Network Address Translations (NAT), consisting of many-to-one or IP masquerading configurations, complicate identification by only maintaining a transient state table of the NAT translations. Once the connection is torn down, unless remote logging existed, the availability of attribution data to associate the translated IP with a unique IP is lost. Note that even when logging is available, full attribution still requires associating an IP with an owner.
NAT also affects application and host logs. When connections are made through a NAT to a real server, applications and hosts must be able to cite the true source of the connection, yet still route any response back through the NAT to maintain connection state. Web servers solve this dilemma with the X-Forwarded-For header. Knowing only that an event occurred from the translated address can hinder or entirely halt an incident investigation.
Overlapping address spaces are likely to affect larger organizations with a decentralized network operation model like universities or conglomerate corporations. Where this situation exists, uniquely identifying an asset requires building a list of multiple data attributes of that asset. The resulting tuple can then be used as a primary key when searching other attribution data sources. Consider an example at a University, where the School of Nursing and School of Engineering both use the same internal RFC1918 addresses, but are monitored by different sensors. A unique identification key is created by pairing the RFC1918 address with the sensor address or hostname.
Asset Inventory Tracking
If the CSIRT doesn’t know everything about what is being monitored, they must engage the actual asset owners for clarity, confirmation, or remediation. But how do you associate ownership with an IP (or a tuple containing an IP and other attributes)? If one is to truly know their network, a dynamically updated asset tracking system must exist that accounts for anything on the network. Besides being easily query-able, it must answer questions such as: How is the network segmented? What hosts are in each segment and who owns them? What applications exist on the hosts and who are the owners? What is the criticality of each asset?
In smaller organizations, there will ideally be a single source-of-truth for asset inventorying. In lieu of that, consideration must be given towards how the CSIRT will consume information from disparate data sources. Will data be consumed to some central location via plugins that interact with various asset inventory APIs?

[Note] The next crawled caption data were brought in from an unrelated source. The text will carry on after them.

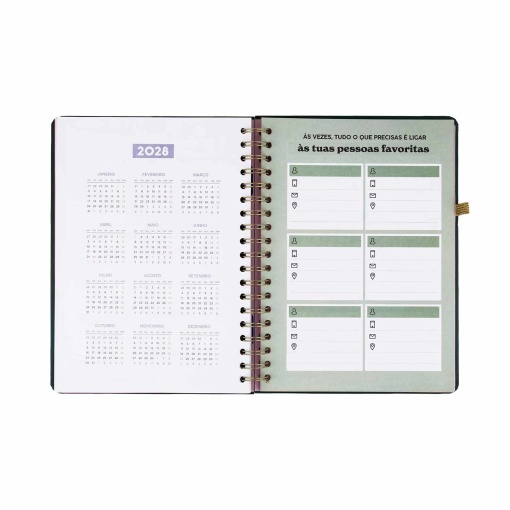 Agenda semanal 205x260mm 2027 espiral Mr. Wonderful "Em movimento"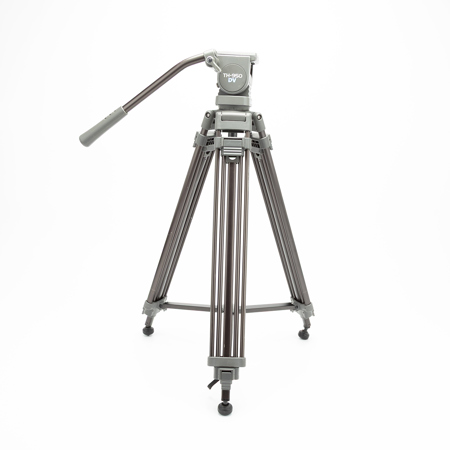 Libec Libec TH-950DV, 2-Stage Aluminum Tripod Legs, Mid-Level Brace, H22DV Head with QR Plate, Carrying Case, Supports 9 lbs., Maximum Height 61"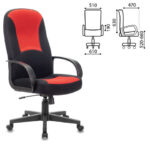 Кресло офисное BRABIX "City EX-512", ткань черная/красная, TW, 531408 — арт. SAMSON-531408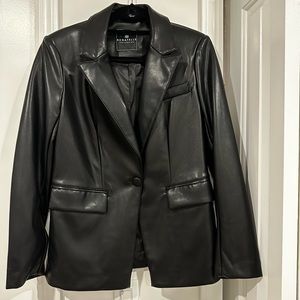 Bagatelle black leather blazer jacket - size small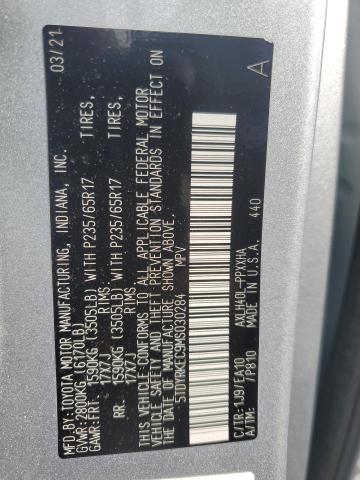 2021 TOYOTA SIENNA XLE - 5TDYRKEC9MS030284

Will each asset system regularly dump it’s data to a common format like csv, to be consumed by the CSIRT? Will CSIRT members individually access the asset inventory systems directly, and if so, what determines in which inventory system a particular asset resides?
Tying the Room Together
Recall that the original problem involved a lack of attribution, and identifying an asset owner. Structuring stored log data in a standardized format, as described above, allows for easier consumption to more readily identify an escalation point. The principles of log management, as stated, can be extended to non-attribution data sources as well. In fact, without classical non-attribution security event data, there’s little to alert on and escalate anyway. Ensuring that a repeatable and well documented escalation path exists, and having both security event data to trigger alarms, and attribution data to identify the source or destination of alarms, is fundamental to security monitoring.